What a Doctor Should Be
When you don’t feel good you go to a doctor and expect to get help. You expect him or her to listen to you and do what is best for you. Unfortunately I found out when I was a teenager that wasn’t always the case.
I went from gynecologist to gynecologist telling them how painful my periods were and I had many ruptured ovarian cysts. I didn’t just have painful periods. Every month I was doubled over in pain. Pain that would not go away with two ibuprofen. It didn’t even touch it.
I went from doctor to doctor and I was told that all girls have cramps and I must have a low pain tolerance. I’ve had several kidney stones that hurt and there were months my pain exceeded that. I knew I didn’t have a low pain tolerance.
Others told me it was gas and even asked me if I was constipated. If only it was that easy. That was definitely not the problem.
I’ve even had them tell me it might just be in my head. I actually started to believe that one. I mean why else couldn’t anyone else figure it out? Then like clock work the pain would be back every month. No matter how hard I tried to ignore the pain I couldn’t. It was excruciating.

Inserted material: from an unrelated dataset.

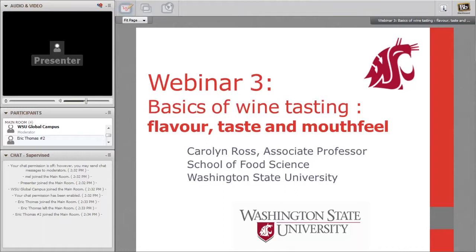I am Cori and on behalf of Global Connections I would like to welcome you to our webinar today on Wine Center Evaluation, flavor, taste, and mouthfeel. Please feel free to use the chat box for any questions or comments throughout the presentation, and if you have any trouble hearing or seeing any aspect of the presentation, please send me a message. I will now pass the microphone over to Dr. Ross.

I finally did ask one of the gynecologists for something stronger for pain for that time of the month. He all but laughed at me. He told me that no female needs to take pain meds for their cycle. I was probably just low on magnesium. I actually did buy the magnesium and I really tried it. It didn’t help. at. all.
I gave up. I figured I was just going to have pain for the rest of my life.
Then I heard several girls from work rave about their gynecologist. I had a friend who’s baby when she was 8 months along and this doctor was the doctor on call when she showed up to the ER. She told me how compassionate and caring he was. This doctor was Dr Thorn. I made an appointment and finally saw him.
He was so kind and he listened to everything before he even asked me a question. My husband and I were still trying to get pregnant and he was helping us as infertility is also one of his specialties. As time went on I expressed more and more my pain and he never once brushed it off. He kept trying different things. He believed me.
Turns out I wasn’t crazy. I have endometriosis. Endometriosis is a concrete like lining that is growing inside of me and it hurts. A LOT. Dr Thorn found it. He never stopped listening. He never stopped, ever – not until he knew why I had so much pain.
Dr Thorn treats each of his patients like their his only patient when he’s with them. He treats them the way one treats family – always looking for what is best for the individual.
And if you say his name in any circle in North Iowa or Southern Minnesota you’ll hear things like “Oh I love that man” and “He’s the greatest doctor ever”. He treats EVERYONE the same – with kindness and compassion.
I wish all doctors genuinely listened to their patients. That they believed them and didn’t stop until they found the “why”.
Dr Thorn is retiring this month. If more doctors had a fraction of the compassion that Dr Thorn has the medical world would be a better place.
Thank you, Dr Thorn, for listening.
Val - Corn, Beans, Pigs & Kids says
Whenever I had an appointment with him I felt like he was there for me and not worried about who was next on his schedule. So glad he helped you find some answers.
Dana Rodriguez says
He sounds like a great doctor. I hope you can find another that is just as kind and caring.
Donna says
Me too!
Jeni F. says
The community has been so fortunate to have him. I’m glad you got to be his patient before he retired.